┌──

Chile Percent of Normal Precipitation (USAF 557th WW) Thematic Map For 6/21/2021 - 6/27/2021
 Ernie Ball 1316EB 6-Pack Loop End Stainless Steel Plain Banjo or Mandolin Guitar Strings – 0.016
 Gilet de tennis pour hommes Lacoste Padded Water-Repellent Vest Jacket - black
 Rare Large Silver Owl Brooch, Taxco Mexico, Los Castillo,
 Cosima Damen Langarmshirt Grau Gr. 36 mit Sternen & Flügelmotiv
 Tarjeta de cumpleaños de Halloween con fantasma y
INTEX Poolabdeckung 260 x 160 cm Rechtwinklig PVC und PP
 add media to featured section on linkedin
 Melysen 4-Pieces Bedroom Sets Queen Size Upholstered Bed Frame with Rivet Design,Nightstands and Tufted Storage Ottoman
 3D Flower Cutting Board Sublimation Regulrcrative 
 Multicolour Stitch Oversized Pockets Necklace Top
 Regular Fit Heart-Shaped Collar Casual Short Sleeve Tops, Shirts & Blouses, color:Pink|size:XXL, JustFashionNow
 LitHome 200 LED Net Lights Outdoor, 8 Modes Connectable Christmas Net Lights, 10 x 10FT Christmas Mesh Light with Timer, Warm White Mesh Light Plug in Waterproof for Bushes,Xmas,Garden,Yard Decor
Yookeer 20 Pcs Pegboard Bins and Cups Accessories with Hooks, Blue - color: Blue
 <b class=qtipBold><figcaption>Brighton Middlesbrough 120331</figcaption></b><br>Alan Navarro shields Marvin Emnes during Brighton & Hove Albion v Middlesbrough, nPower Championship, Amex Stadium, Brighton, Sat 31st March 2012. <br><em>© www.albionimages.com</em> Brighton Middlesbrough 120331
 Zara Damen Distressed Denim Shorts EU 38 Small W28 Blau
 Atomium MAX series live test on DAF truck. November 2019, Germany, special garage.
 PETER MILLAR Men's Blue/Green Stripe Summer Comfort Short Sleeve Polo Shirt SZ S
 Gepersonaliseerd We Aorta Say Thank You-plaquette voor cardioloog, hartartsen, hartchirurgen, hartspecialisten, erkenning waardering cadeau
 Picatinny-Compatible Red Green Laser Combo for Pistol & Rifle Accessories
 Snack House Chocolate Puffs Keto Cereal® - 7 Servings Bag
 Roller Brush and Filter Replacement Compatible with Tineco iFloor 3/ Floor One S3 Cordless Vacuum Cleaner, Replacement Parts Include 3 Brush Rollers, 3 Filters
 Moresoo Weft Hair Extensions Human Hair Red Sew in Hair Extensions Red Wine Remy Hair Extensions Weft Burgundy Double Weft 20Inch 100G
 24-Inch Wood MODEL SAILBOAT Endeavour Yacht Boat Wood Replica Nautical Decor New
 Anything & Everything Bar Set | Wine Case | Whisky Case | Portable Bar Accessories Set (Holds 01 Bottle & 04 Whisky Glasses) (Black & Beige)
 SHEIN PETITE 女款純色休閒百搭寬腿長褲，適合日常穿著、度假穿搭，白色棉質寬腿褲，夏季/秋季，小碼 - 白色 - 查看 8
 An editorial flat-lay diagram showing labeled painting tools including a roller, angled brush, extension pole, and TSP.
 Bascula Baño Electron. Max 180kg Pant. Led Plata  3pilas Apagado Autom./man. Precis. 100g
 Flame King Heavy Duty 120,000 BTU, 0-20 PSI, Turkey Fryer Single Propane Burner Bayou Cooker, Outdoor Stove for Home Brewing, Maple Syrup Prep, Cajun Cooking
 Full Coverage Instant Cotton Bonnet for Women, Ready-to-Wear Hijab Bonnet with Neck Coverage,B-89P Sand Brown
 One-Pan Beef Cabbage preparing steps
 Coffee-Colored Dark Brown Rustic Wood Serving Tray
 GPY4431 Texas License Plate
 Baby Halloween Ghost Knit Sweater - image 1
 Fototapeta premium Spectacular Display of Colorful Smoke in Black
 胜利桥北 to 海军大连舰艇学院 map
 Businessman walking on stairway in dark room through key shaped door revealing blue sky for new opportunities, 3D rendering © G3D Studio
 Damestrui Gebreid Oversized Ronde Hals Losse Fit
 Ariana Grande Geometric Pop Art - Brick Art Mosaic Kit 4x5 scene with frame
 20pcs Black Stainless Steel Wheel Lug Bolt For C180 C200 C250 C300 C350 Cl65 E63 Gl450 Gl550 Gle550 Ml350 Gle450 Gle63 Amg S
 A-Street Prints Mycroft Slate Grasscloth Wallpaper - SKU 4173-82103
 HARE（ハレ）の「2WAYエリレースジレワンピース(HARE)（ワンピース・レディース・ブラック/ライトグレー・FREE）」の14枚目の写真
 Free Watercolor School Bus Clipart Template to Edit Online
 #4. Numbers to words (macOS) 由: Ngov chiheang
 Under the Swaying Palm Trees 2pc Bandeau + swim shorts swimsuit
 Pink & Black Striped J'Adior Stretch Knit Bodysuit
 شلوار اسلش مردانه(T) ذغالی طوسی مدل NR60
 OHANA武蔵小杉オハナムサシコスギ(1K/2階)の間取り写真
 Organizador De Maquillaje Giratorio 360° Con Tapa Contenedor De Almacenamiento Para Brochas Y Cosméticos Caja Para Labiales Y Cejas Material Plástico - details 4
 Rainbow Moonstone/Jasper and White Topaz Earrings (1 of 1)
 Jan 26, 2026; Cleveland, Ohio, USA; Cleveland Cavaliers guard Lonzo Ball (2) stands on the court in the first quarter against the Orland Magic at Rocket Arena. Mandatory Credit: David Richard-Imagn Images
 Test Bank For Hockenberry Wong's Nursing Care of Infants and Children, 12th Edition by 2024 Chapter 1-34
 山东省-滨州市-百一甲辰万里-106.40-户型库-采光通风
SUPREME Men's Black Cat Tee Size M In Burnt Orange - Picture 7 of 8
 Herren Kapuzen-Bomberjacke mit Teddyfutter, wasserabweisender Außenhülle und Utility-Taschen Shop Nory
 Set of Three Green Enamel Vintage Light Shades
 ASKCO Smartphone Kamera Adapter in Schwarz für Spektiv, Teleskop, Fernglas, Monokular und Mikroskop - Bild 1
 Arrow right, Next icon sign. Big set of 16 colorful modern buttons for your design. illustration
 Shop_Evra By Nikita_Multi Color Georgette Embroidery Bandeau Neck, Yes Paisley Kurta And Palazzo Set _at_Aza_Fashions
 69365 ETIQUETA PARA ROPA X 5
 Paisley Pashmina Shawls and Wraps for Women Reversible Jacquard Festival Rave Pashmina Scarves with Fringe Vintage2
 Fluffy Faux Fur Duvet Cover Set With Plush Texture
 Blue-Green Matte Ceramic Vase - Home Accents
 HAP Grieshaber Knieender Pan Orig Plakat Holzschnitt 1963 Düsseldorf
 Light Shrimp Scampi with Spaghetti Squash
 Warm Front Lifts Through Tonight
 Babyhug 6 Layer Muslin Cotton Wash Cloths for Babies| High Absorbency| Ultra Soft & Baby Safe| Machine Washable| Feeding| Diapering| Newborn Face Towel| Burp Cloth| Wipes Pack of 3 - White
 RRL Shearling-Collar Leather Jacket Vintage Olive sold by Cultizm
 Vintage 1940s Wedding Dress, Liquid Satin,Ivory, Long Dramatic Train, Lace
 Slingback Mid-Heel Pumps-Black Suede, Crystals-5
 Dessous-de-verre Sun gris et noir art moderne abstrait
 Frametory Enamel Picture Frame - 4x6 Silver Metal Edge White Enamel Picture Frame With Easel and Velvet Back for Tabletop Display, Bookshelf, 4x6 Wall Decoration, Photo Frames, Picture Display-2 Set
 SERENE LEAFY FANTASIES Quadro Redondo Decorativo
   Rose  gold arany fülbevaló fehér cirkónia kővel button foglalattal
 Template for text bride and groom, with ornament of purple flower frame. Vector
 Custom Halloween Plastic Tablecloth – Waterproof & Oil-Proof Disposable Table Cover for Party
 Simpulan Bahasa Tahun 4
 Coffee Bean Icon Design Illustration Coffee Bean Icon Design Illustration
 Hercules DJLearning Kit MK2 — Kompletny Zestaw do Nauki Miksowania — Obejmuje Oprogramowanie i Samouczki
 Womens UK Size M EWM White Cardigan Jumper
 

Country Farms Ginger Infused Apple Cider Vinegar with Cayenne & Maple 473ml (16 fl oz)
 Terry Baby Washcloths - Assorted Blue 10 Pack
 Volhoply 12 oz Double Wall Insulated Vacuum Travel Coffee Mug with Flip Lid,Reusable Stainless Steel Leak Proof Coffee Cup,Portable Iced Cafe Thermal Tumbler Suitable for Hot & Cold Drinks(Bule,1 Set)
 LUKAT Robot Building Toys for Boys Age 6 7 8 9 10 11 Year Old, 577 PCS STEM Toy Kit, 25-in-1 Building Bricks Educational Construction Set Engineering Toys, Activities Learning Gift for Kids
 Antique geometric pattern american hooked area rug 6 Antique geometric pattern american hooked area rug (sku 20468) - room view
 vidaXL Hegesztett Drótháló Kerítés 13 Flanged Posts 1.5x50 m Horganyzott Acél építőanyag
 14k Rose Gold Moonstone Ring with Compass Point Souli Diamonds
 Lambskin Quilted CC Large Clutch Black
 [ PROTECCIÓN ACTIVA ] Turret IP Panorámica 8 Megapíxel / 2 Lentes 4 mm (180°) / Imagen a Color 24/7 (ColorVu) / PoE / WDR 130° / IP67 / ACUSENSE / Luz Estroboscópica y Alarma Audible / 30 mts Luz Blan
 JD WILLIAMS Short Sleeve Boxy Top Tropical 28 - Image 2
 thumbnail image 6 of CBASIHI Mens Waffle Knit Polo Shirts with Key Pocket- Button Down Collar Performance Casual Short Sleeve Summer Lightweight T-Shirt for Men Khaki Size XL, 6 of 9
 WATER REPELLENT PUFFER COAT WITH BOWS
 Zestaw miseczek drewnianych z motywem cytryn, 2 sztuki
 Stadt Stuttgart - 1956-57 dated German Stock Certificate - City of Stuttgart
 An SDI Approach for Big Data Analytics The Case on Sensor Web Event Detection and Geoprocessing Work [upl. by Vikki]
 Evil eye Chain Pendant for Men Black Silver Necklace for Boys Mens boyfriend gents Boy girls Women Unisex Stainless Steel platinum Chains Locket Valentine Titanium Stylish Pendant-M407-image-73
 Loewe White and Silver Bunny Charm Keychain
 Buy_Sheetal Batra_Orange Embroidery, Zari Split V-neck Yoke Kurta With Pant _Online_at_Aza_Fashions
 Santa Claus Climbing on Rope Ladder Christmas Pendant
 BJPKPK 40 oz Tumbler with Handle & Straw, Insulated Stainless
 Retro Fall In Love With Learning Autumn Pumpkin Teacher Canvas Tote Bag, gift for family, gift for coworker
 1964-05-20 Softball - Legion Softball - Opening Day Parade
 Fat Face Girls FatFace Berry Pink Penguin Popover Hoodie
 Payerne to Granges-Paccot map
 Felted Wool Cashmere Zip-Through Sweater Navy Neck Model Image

└──

● THE TASK
Show each line of the listing that holds the string "Oversized".

● ANSWER TO THIS TASK
 Multicolour Stitch Oversized Pockets Necklace Top
 Damestrui Gebreid Oversized Ronde Hals Losse Fit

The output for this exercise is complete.